April 9, 2003 — originally posted on artima.com
The Python conference is a vague memory already: right afterwards I went to Oxford, England to attend a C/C++ conference run by the British Association for C and C++ Users, which since last year has sprouted a Python track. Notes from that (equally exciting) event will be a separate blog entry.
PyCon DC 2003 (http://legacy.python.org/pycon/) was the first US-based Python community conference in a long time. With about 240 people registered I'd call it a smashing success; I think those 240 attendees would agree.
Before the conference proper, we had a two-day coding sprint. What's a coding sprint? It's an event loosely inspired by extreme programming, where a number of developers get together for a few days of intense pair programming on a common project.
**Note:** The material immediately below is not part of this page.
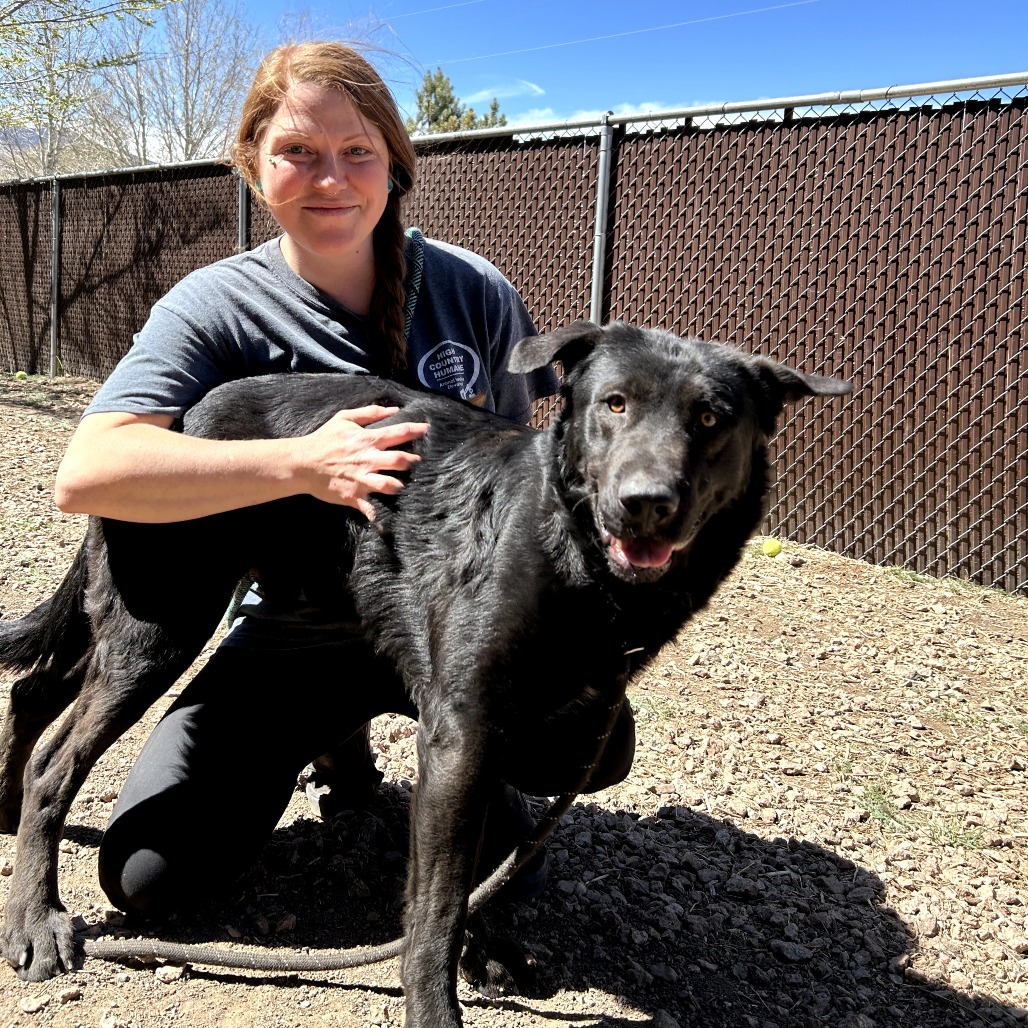 River - Loves Treats & Dog Friendly!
The first time I heard of sprints was from Zope Corporation's Jim Fulton, who's been using sprints successfully for the Zope 3 project; maybe he invented the word. Coding sprint certainly sounds better than coding marathon!
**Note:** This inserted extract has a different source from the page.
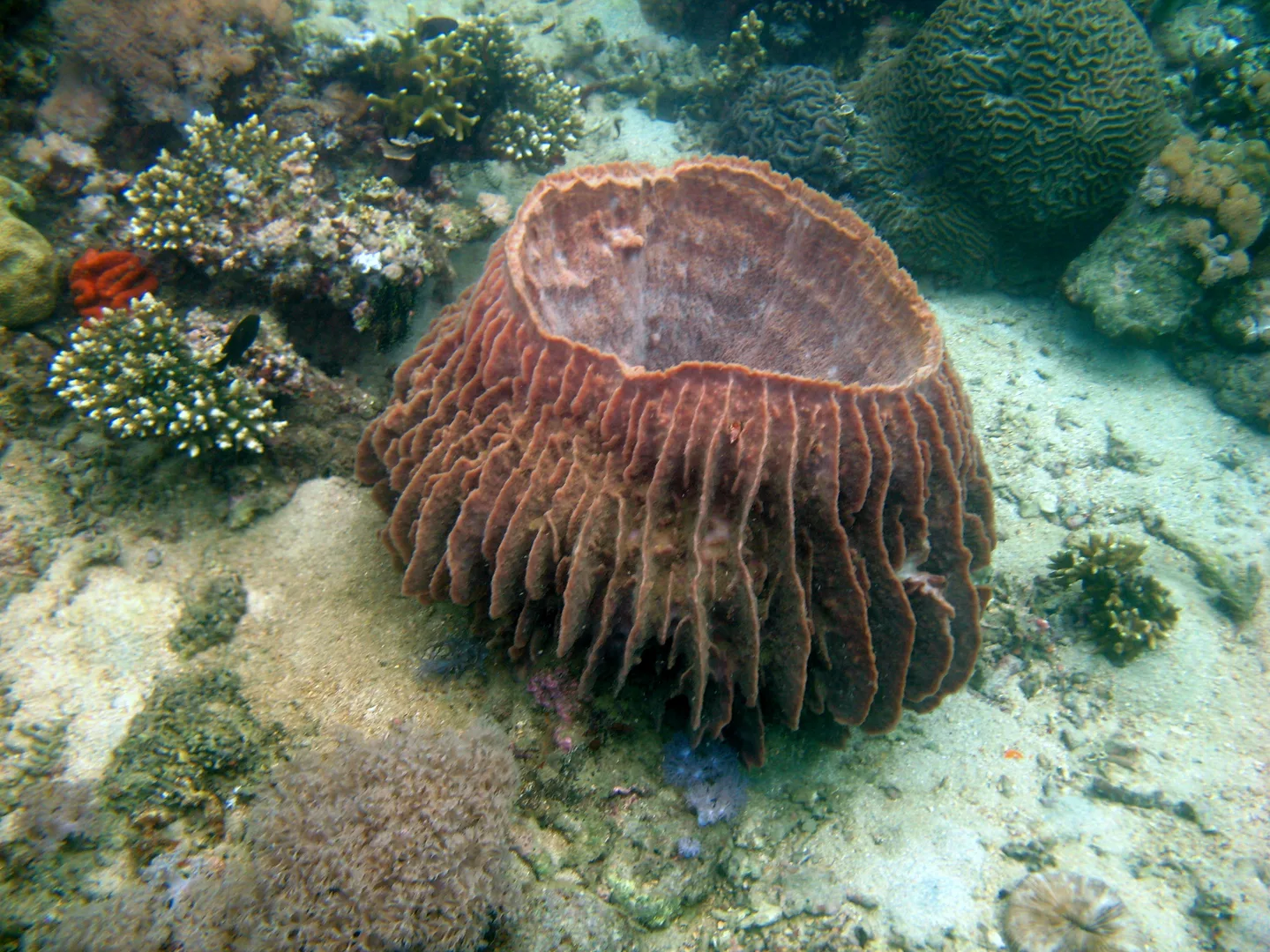Giant Barrel Sponge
On this occasion, there were at least three separate groups sprinting in the same space (a classroom at George Washington University which we were renting for the conference): Jim Fulton was leading a Zope 3 sprint, there were a number of Twisted programmers sprinting on Twisted projects, and in the back of the room we were having a core Python sprint.
The Python sprint quickly separated out in three groups of two to three coders each: one group, lead by Jeremy Hylton, worked on the new bytecode compiler which is being developed in a CVS branch; I was leading the two other groups, which focused on Python speedups. (There were many other ideas for tasks to sprint on, but not enough time.)
The first speedup plan, proposed by Ka-Ping Yee and implemented by him and Aahz (that's really his whole name!), was a scheme to cache the lookup of object attributes. Python has extremely dynamic rules for looking attributes: an instance attribute is first searched in the instance dictionary, for instance variables, then in the class, for methods and class variables, and finally in the successive base classes, for inherited methods and class variables. In other languages, this lookup is usually done at compile time, but Python does it at run-time, using a very efficient dictionary (hash table) implementation. Nevertheless, finding a method defined in the third base class costs three failing lookups and one successful one. We've got to be able to to better, and this is a very common operation in Python, so a speedup here might cause measurable speedup for all Python programs.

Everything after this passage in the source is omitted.